Advantages of Multi-block Curvilinear Grid and Dual-Level Parallelism in Ocean Circulation Modeling
Phu V. Luong, University of Texas, Austin, ERDC MSRC, Clay P. Breshears, Rice University, ERDC MSRC Andy Haas, LOGICON, NAVO MSRC

A multi-block curvilinear grid technique is used in ocean modeling to eliminate problems inherent in the traditional one-block rectangular structured grid. A dual-level parallel technique is included to improve the performance of the Multi-block Grid Princeton Ocean Model (MGPOM) ocean circulation model. This technique involves the use of Message Passing Interface (MPI) in which each grid block is assigned to a unique processor. Since not all grid blocks are of the same size, the workload varies between MPI processes. To alleviate this, OpenMP dynamic threading is used to improve load balance.

Application-level Implementation of Asynchronous Methods in a CORBA-based Distributed Object Database
Milorad Tosic, Helen Berman, John Westbrook, Rutgers, The State University of New Jersey

In this poster we consider a concurrency model for method calls in a CORBA-based implementation of a distributed object database for the topology based sub-similarity search of chemical structures. Each object in such databases typically has both computationally intensive and light-weight methods. Applying the concurrency model at the ORB/BOA level in OMG CORBA enforces the same model for all of the methods of an object. We propose a wrapper class for the C++ multi-threading library that enables a concurrency model choice at the method level. This abstraction is developed in a design pattern style for managing threading issues in any application.

Applications of Parallel Process HiMAP for Large-scale Multidisciplinary Problems
Guru Guruswamy, NAS Division, Ames Research Center, David Rodriguez, Mark Postdam, Eloret Inc, Ames Research Center

A modular process to simulate coupled multi-physics interactions of flexible vehicles using high fidelity equations is developed. The process is designed to execute on massively parallel processors (MPP). Computations of each discipline are spread across processors using IEEE standard message passing interface (MPI) for inter processor communications. Disciplines can run in parallel using a middleware MPIRUN developed based on MPI and C++. In addition to discipline parallelization and coarse-grain parallelization of the disciplines, embarrassingly parallel capability to run multiple parameter cases is implemented using a script system. The poster will show the development and applications of the process. Results that highlight load balancing and portability issues will be shown.
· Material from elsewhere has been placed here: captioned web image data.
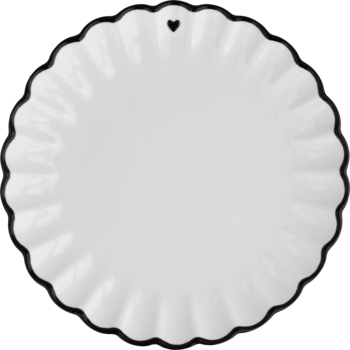 Biała, okrągła taca z falistym brzegiem i czarną lamówką, z serduszkiem u góry, widok z góry.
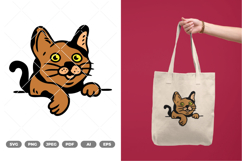 Peeking Cat Colored SVG &amp; Clipart Product Image 1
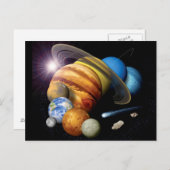 NASA JPLシステム惑星太陽のモンタージュ宇宙写真 ポストカード (正面/裏面)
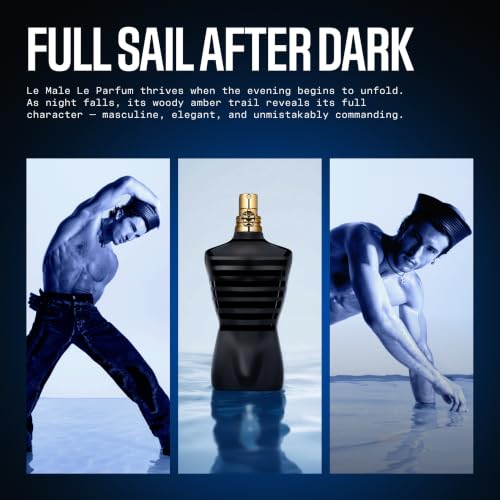 Jean Paul Gaultier Le Male Le Parfum - Amber Woody Eau de Parfum Intense for Men Fragrance - Cardamom, Lavender & Iris, Vanilla - Men's Perfume Spray, 6.8oz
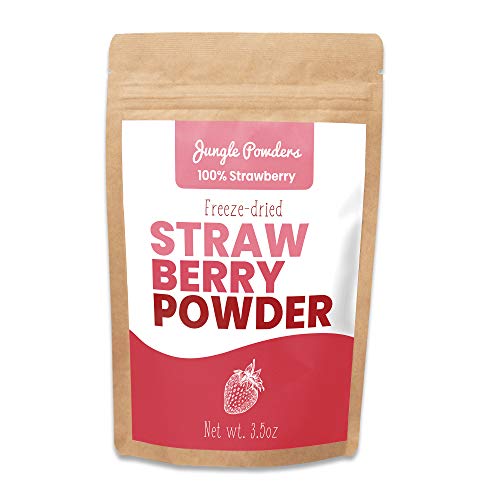 Jungle Powders Strawberry Powder | 3.5oz 100% Natural Non GMO Vegan Friendly Red Freeze Dried Strawberry Powder | Super Food Strawberry Powder For Baking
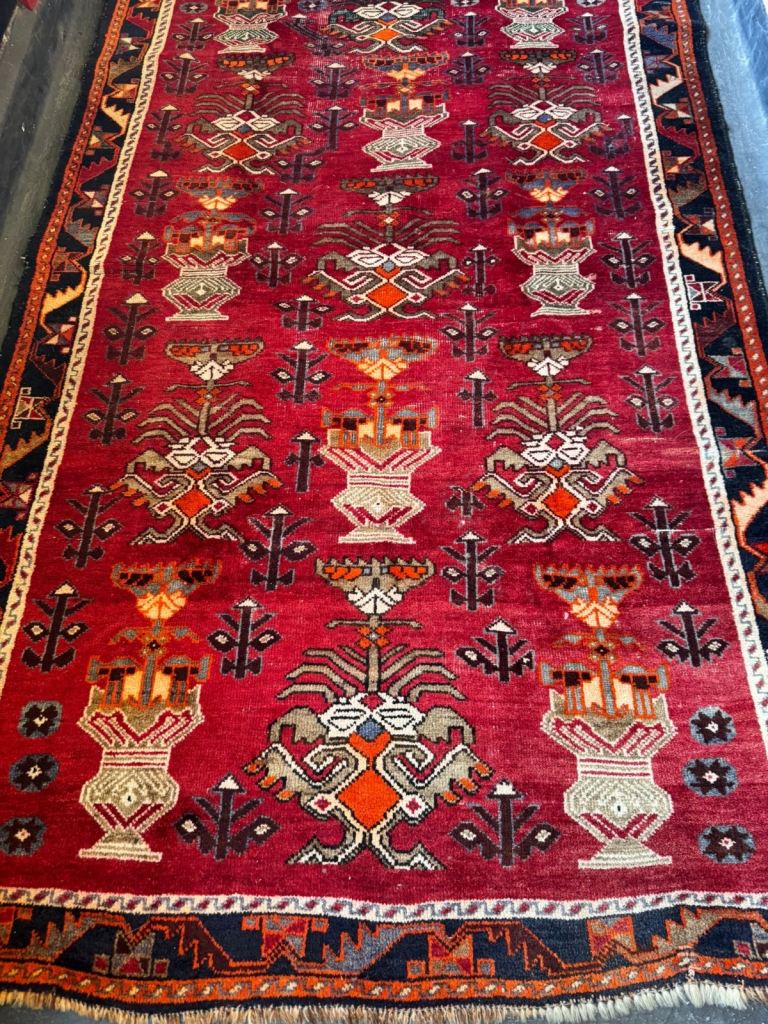 Vintage Persian handmade wool rug.240 cm x 147 cm.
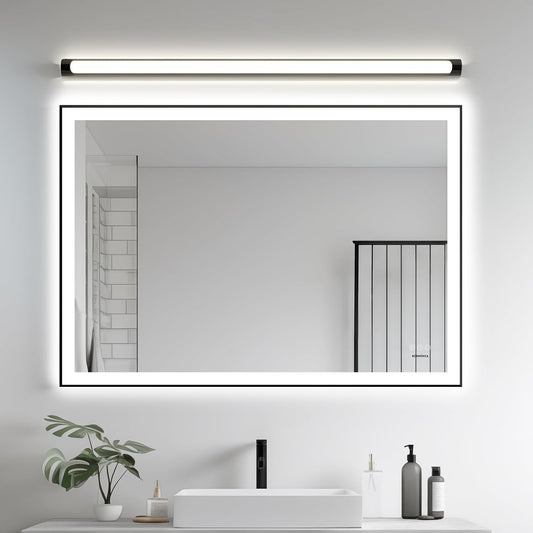 LED Bathroom Mirror 32x48 w/Front& Backlit, Built-in Touch On/Off Control &3 Color w/Light Memory, Defog &Brackets Setup, HD Reflection Distorti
APPMAP: A New Way to Predict Application Performance in Minutes
John Gustafson, Sun Microsystems, Rajat Todi, Don Heller, Ames Laboratory/Iowa State University

Our research proposes a convolution technique using hardware and software signatures to accurately predict the system's performance in a relatively short time. Hardware signatures are obtained by actually running the broad-spectrum benchmark HINT or derived from the machine characteristics using analytical HINT (AHINT). Application signatures are extracted from the application as a black box using hardware performance counters and dynamic tracing. In this poster we will present the model and show the predicted result of SPEC '95. We will validate the model using statistical analysis such as correlation, rank correlation, and linear prediction.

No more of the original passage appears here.